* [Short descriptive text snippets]
§
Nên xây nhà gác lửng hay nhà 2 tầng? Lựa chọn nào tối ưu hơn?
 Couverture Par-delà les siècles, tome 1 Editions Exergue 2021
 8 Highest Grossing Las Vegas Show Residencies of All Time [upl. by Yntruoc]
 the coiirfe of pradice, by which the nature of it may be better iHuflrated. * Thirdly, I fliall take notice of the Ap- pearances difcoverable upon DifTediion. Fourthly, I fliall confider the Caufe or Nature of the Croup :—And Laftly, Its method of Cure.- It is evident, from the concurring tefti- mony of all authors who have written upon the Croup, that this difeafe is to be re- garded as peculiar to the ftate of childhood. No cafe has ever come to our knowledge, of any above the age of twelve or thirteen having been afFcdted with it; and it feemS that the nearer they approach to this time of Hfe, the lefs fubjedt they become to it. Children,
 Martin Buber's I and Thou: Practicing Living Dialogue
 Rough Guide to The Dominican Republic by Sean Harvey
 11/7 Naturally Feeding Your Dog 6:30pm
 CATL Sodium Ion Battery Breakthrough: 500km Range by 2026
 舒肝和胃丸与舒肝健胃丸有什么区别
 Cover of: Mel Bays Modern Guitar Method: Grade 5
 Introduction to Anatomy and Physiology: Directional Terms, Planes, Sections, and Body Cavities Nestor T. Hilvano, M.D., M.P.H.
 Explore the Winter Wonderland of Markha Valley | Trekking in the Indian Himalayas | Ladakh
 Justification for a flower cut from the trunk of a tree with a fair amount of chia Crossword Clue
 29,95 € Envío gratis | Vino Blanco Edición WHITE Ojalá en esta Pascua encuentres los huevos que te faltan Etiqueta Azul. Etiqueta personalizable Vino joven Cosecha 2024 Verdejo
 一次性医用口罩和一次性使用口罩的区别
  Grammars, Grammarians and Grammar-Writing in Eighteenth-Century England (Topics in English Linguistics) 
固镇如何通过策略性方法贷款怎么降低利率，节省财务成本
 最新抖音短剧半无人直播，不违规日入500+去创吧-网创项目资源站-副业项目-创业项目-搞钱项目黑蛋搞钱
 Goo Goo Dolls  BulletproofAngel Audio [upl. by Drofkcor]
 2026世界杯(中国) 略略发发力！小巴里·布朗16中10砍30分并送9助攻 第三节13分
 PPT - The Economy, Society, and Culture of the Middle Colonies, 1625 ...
§
* [Work task] Please return exactly the lines from the one containing "Goo Goo Dolls" through the end of the entries above, adding no other line.

* [Answer section]
 Goo Goo Dolls  BulletproofAngel Audio [upl. by Drofkcor]
 2026世界杯(中国) 略略发发力！小巴里·布朗16中10砍30分并送9助攻 第三节13分
 PPT - The Economy, Society, and Culture of the Middle Colonies, 1625 ...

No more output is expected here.